I have visited this garden many times but must confess I do not recall the planting at all, I think I have always been overwhelmed looking at the rocks.  This new planting scheme immediately balances the view by softening and enhancing the area.  Yet at the same time the planting does not look new and is gentle on the landscape.
Trees were removed and new trees added and paths were reconfigured to make you wind through the garden more.
The effect is magnificent.  I think I could have spent hours in this part of the garden alone.
But this was not possible as we had a lot to see.  We moved on to visited the Maze, built on the remains of the Great Conservatory designed by Paxton.  This enormous conservatory took over four years to build and one planned explosion in in 1920 to destroy.  Sadly it just could not be maintained after the First World War due to the huge loss of life and impact on the economy at that time, the world had changed forever.  The low walls of the conservatory remain and now contain the maze and some wonderful planting surrounding it including some exotic planting as a reminder of its former glory.

There is also the sundial which I just had to have a play with.  You stand on the stone and your shadow tells you time in relation to the semi-circle of stones around you.  I can tell you it was accurate too.

But we were here to see Arcadia and so I had to stop playing as we had to move on.

We were joined at this point by Tom Stuart Smith who was going to join with Steve to lead us through this new area.
Arcadia is a sixteen acre piece of land that wraps along the top of the Rock Garden and Maze Garden.  It was the dumping ground for the soil spill for Paxton as he worked and was pretty much overlooked and as far as they know, never gardened.  Lots of trees had to be removed, but hundreds (yes hundreds) were planted.  This is the largest project carried out in the garden for over 200 years.
You walk along the paths that look well established, but the planting only began in Autumn 2019.  Much of the planting did not happen until the lockdown in Spring 2020, which meant that Tom had to direct from a distance.  The planting was carried out by the Estate team and the family also helped.  Whilst it is a huge Estate it is important to remember that it is also a family home, not one that bears any resemblance to my experience yet a home nonetheless.  To know that they personally got involved in the planting somehow made this thought real to me.
Chatsworth is famous for its art installations in the garden and these are naturally woven into this new space.  This was one of those sculptures I just wanted to put my hand on and feel, but it was roped off and we all know that we can be held at bay by a small piece of rope that you could step over or walk around without blinking.
It has been so dry that there was some watering having to happen and this was from the same lake system that feeds the Emperor Fountain.  The network of underground pipes has many uses.
You look down onto the gardens below and it is all so beautiful.  It feels seamless.

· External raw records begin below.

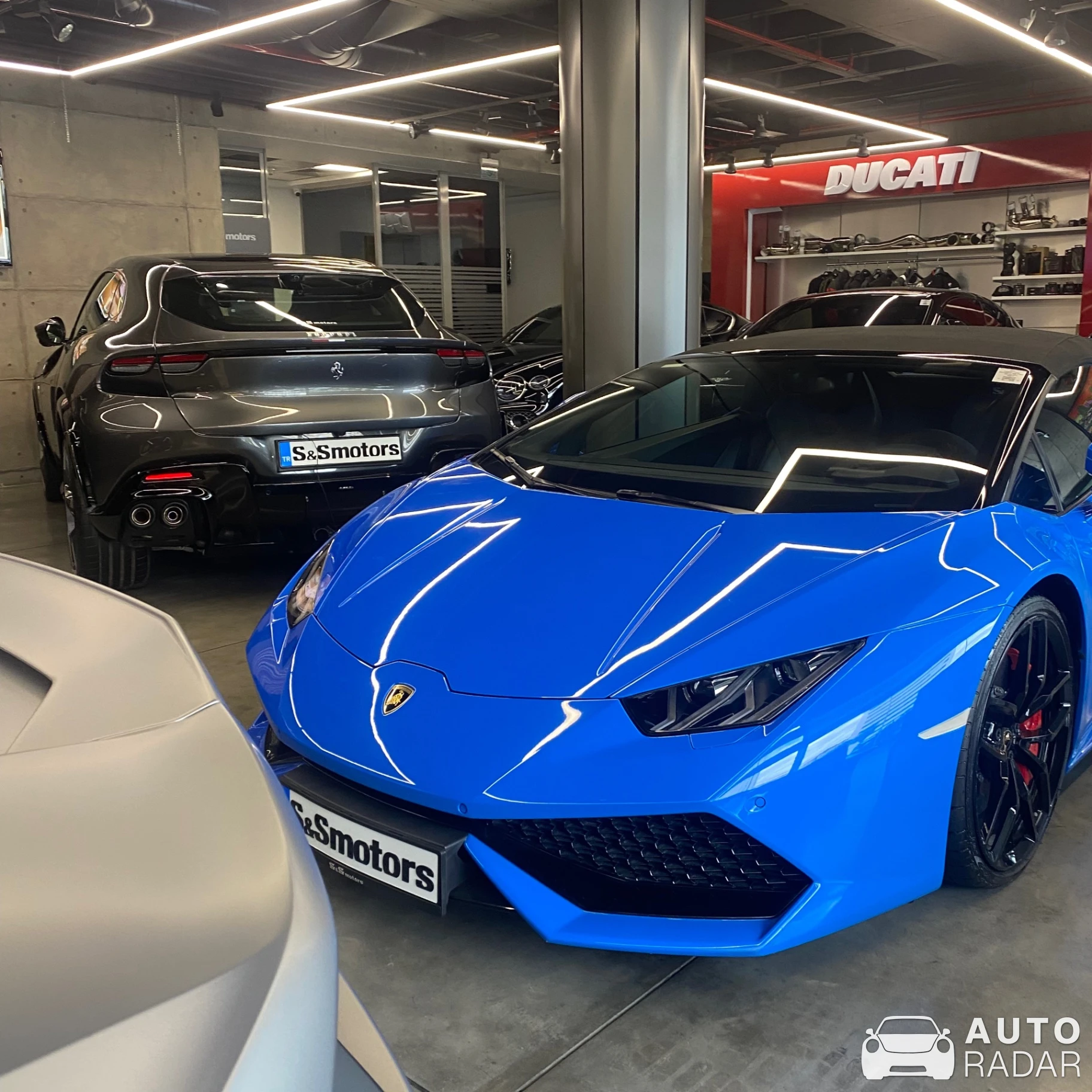 Lamborghini Huracán LP610-4 Spyder spotted in Şişli, Türkiye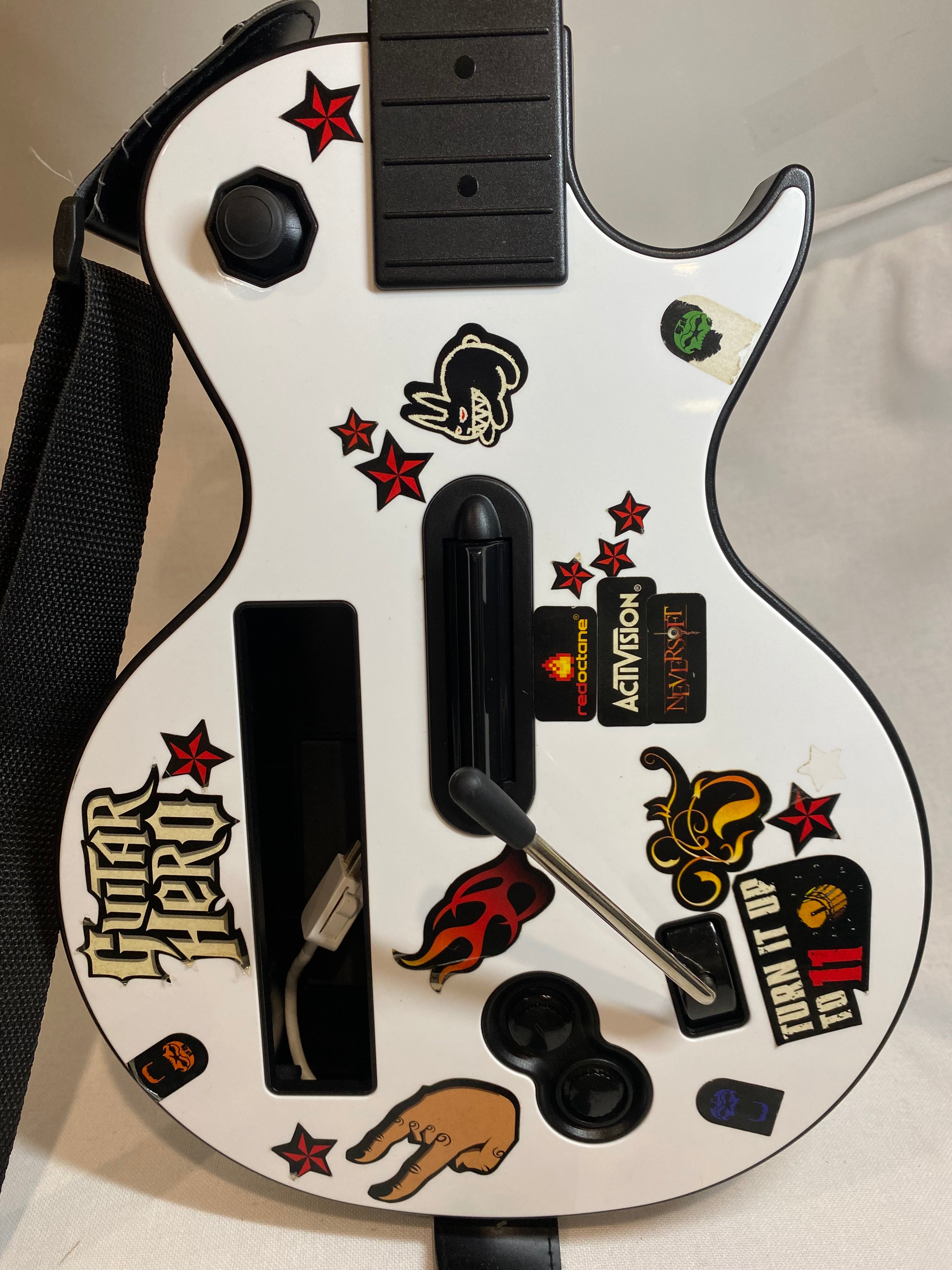 Controller | Nintendo Wii | Gibson White Guitar Hero Guitar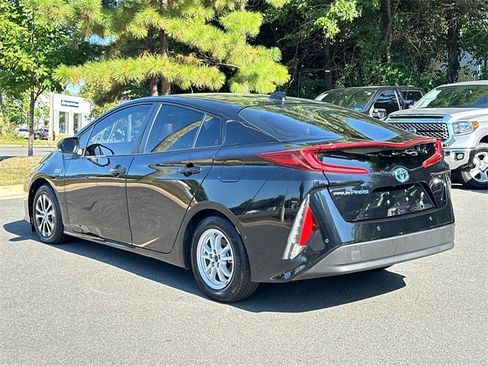 Certified 2021 Toyota Prius Prime Limited image 2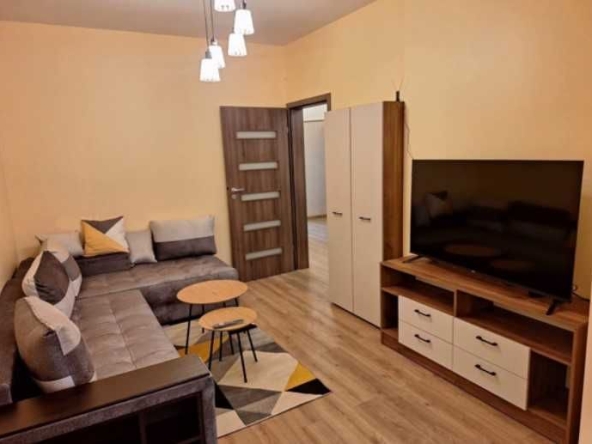 Дава се под наем Тристаен апартамент в София, Център - 90 кв.м за 1145.97 € - Снимка #1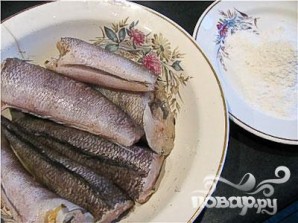 Рыба под соусом песто в горшочках - фото шаг 1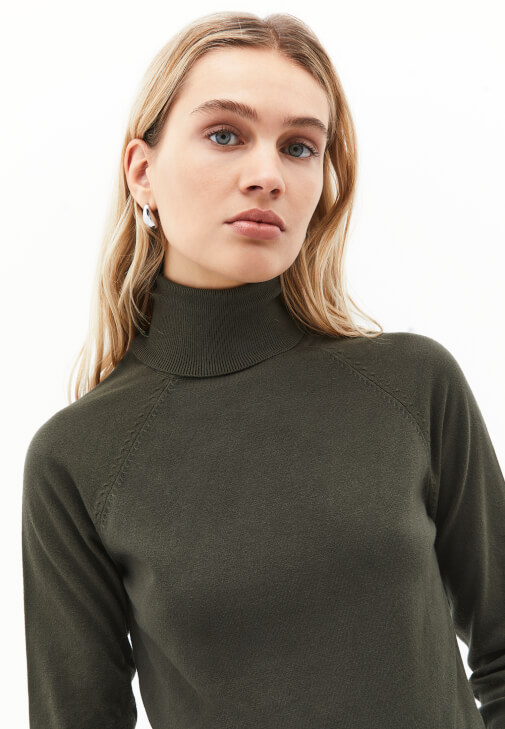 Balıkçı Yaka kazak ve Bol Paça Pantolon Kombini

The new planting create a soft cushiony foreground to the more formal gardening below.
As the afternoon wore on the light decided to bathe the garden in a golden haze that almost silenced us, almost; whilst we stood and tried to photograph it in all its beauty.  We just kept saying wow as each new area of the garden overwhelmed us.  The general public has largely disappeared by this point and the sound of the birds in the trees just got louder and louder.  It was a moment to stand and breathe and just be.
As we looked down at this point we thought about the stats about this garden which are quite astounding.  Obviously planting sixteen acres is going to take a few plants.  300,000 plants were planted, including trees, shrubs and over 24,000 perennials mainly from peat-free 9cm pots and bare-root.  This is no small project and the family were aided by support from Gucci.
As I stood there and thought about so many plants, I thought back to the start of our visit where we had been welcomed by the Duke and Duchess.  They had explained how they had struggled to understand the scale of the gardens here at Chatsworth when they first took them over and that to them buying six plants seemed a lot, but here they needed thousands.  It is a very difficult concept to get my head around too.
And the name?  Arcadia is a landlocked mountainous area of Greece and Chatsworth is in the middle of the country distant from all coasts and surrounded by the stunning Peak District.  Arcadian can mean idyllically pastoral – I can assure you that it is.  If you can visit then seriously you should, I know I will be returning again soon.

We had such an incredible day and huge thanks must go to the Duke and Duchess, Steve Porter and Tom Stuart Smith for their time and kind welcome.  I must also thank Redbrick Communications for organising the visit.

Stay safe and be kind.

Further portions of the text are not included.